El lenguaje de estos escritores todavía está por perfilar, pero ya hay líneas visibles: la oralidad y la jerga periférica. Y todo ello refuerza la idea de pertenencia, sobre todo en los saraus, convertidos en lugares de encuentro y militancia en barrios carentes de infraestructuras. “El único espacio público que el Estado nos dio fue el bar. De pronto los bares se llenaron también de mujeres, niños y poetas. Se imaginaron que íbamos a terminar bebiendo cachaça y transformamos los bares en centros culturales, ya no tienen forma de controlarnos, porque lo que no falta son bares en la periferia”, cuenta con ironía el poeta Sérgio Vaz, organizador de la Cooperifa.

 

La guerrilla de la palabra

“¡Algunas personas no sabían lo que era un poema y ahora están editando libros! El pueblo habla porque siente que quiere un cambio. Nuestra arma es esa. La guerrilla de la palabra”, afirma el músico y escritor Zinho Trindade. Jóvenes que antes ocultaban su barrio de residencia para evitar el estigma hoy dicen alto y claro: “Soy de Capão. 100% periferia”. Las comunidades se refuerzan al amparo de esa identidad, que une aspectos de clase, etnia y lugar de residencia. “Cada poema es una toma de conciencia, y yo me siento un privilegiado por recibir esa información de primera mano: es como estar en un laboratorio”, asegura Binho.

Es un arte transformador, que cree con convicción que una pluma puede ser un arma mucho más peligrosa que una pistola. Que asume que la educación de la comunidad es un primer paso irrenunciable para alcanzar una sociedad más justa. Como escribe la ensayista Heloísa Buarque de Hollanda: “Predican la escritura como un arma, la acción en pro de sus comunidades, la guerrilla de la información con la cual desafían la invisibilidad que les fue impuesta y, sobre todo, predican por el compromiso con la educación y la dominación de la palabra como legítimos instrumentos de poder”. Reivindican también “el derecho a la invención del lenguaje como instrumento propio de expresión”. En las sintéticas palabras de Sérgio Vaz: “Puedo construir puentes con versos / para que las personas puedan pasar sobre los ríos”.

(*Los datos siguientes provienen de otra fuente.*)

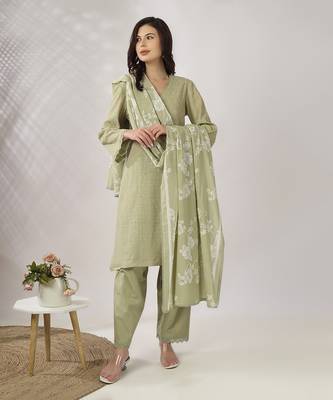 Pale green embroidered straight kurta set 2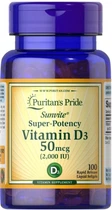 Вітамін Д3 Purita's Pride хокальциферол Vitamin D3 2000 МЕ 100 капсул (ARE-576451)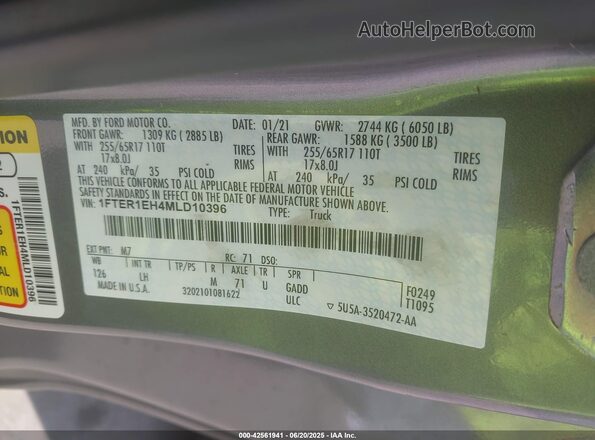 1FTER1EH4MLD10396 2021 FORD RANG Gray 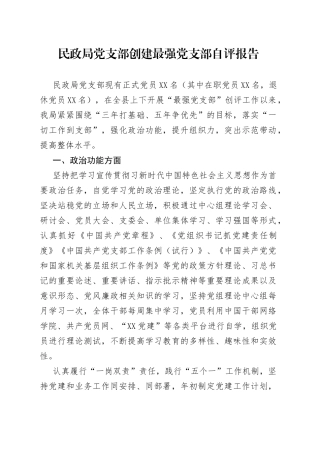 民政局党支部创建最强党支部自评报告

“Nos han educado en el conformismo, en la idea de que es imposible cambiar la realidad”, reflexiona Binho. A ese lado del puente, las calles y aceras están mal pavimentadas. Quebradas. Por eso la jerga popular bautizó de quebradas los barrios periféricos. En la ciudad más rica de América del Sur, millones de personas viven en comunidades donde no llegan las grandes inversiones del Mundial de Fútbol, como ayer no llegaba la riqueza del café. Por eso, en la periferia, arte y política van de la mano. Porque ahora “se está formando una masa crítica, existe un ansia de transformación, una esperanza de que otra periferia es posible”, asegura Vagner Souza, del Sarau na Brasa. “Por eso tiemblan las elites”: porque la periferia ya no reclama más centros comerciales, sino igualdad de derechos y oportunidades, reza el manifiesto de este sarau de la zona norte.

Binho suele decir que “una golondrina no hace verano, pero puede levantar al bando entero”. En la periferia de São Paulo, el bando está despertando, como si no quisieran esperar más por ese verano que le negaron las elites, robándoles su historia para reescribirla bajo la alargada sombra del estigma.